Accord UE–Mercosur : le libre-échange au prix du climat ?

Signé le 6 décembre 2024 et validé par la Commission européenne en septembre 2025, le futur accord de libre-échange entre l’Union européenne et le Mercosur promet une intensification sans précédent des échanges entre les deux blocs. Mais derrière cette vitrine économique se cache un compromis politique dangereux, où l’ambition climatique européenne semble céder le pas aux intérêts commerciaux.

Un géant économique à la conquête des marchés

Né d’un processus entamé il y a plus de vingt-cinq ans, l’accord entre l’Union européenne et le Mercosur (Argentine, Brésil, Paraguay et Uruguay) vise la libéralisation quasi totale des échanges de biens et de services. Ensemble, ces deux blocs représentent un cinquième de l’économie mondiale et plus de 700 millions de consommateurs.

Pour la Commission européenne, il s’agit d’un levier majeur de compétitivité et d’influence dans un contexte de rivalités commerciales mondiales. En supprimant la majorité des droits de douane, l’Union espère ouvrir de nouveaux débouchés à ses entreprises et renforcer sa présence sur le marché sud-américain, permettant de s’affranchir de la Chine et des États-Unis.

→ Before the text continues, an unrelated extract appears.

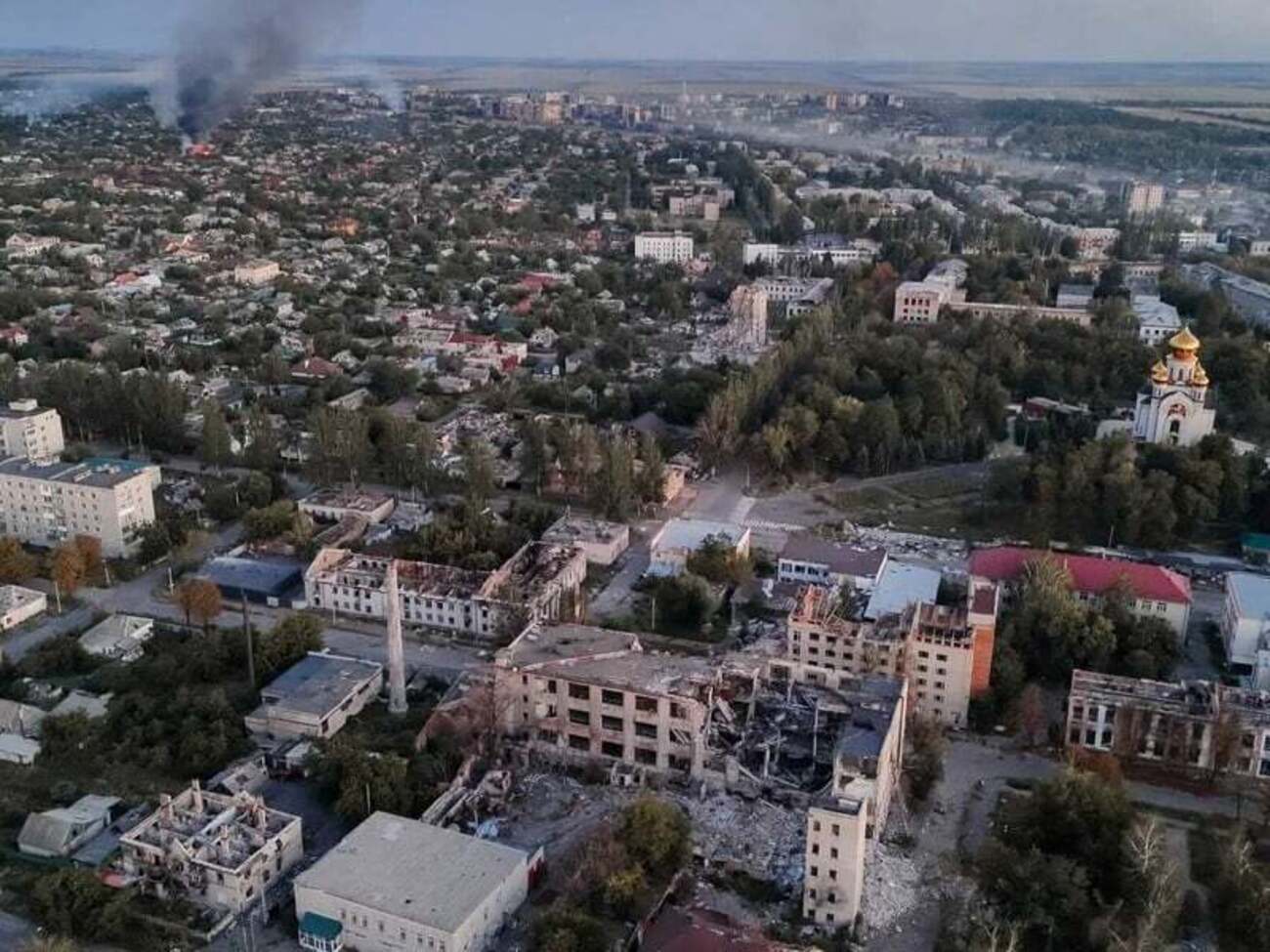 Российские оккупанты проводят классические массированные штурмовые действия по всей полосе обороны 7-го корпуса БР ДШВ, говорится в сообщении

Un accord sous le feu des critiques environnementales

Mais cet enthousiasme économique ne fait pas l’unanimité. Greenpeace, notamment, dénonce la publication a posteriori d’une étude d’impact environnemental, inapte à influencer le contenu réel du traité. Selon l’organisation, cette étude occulte totalement les conséquences sur la déforestation en Amazonie et sur la dégradation de la savane brésilienne, deux zones déjà fragilisées par l’agro-industrie.

Les craintes sont fondées : l’intensification des flux commerciaux risque d’accroître les émissions de gaz à effet de serre et de fragiliser davantage les écosystèmes. Pire, les écarts entre les normes environnementales européennes et sud-américaines rendent tout alignement crédible particulièrement incertain.

Des garanties en trompe-l’œil

Face à la contestation, la Commission européenne a ajouté en 2024 de nouvelles clauses environnementales : respect de l’Accord de Paris, lutte contre la déforestation, et possibilité de suspension des relations commerciales avec les pays du Mercosur ne respectant pas ces engagements.

Mais derrière ces promesses se cache un mécanisme de rééquilibrage exigé par les pays du Mercosur : si une législation européenne venait à nuire à leurs intérêts économiques, ils pourraient réclamer un ajustement. Autrement dit, l’intérêt commercial prime sur les impératifs écologiques.

Pour Pascal Canfin, eurodéputé Renew, cette disposition « sape la souveraineté de l’Union », qui se prétend pourtant leader de la transition écologique. Ce compromis marque un tournant : il affaiblit la portée normative de l’UE et envoie un message contradictoire à ses partenaires internationaux.

Un dangereux précédent pour l’action extérieure de l’Union

Au-delà du seul Mercosur, cet accord pourrait créer un précédent politique : comme le souligne Antoine Oger, directeur de l’Institut pour la politique environnementale européenne, l’Union risque désormais d’intégrer ce type de clauses dans ses futurs accords commerciaux, au détriment de ses valeurs fondamentales.

Cela représente une dérive inquiétante au regard des traités, qui imposent à l’Union de promouvoir la protection de l’environnement et la gestion durable des ressources naturelles dans son action extérieure. En troquant sa cohérence pour un gain économique, l’UE trahit son ambition climatique.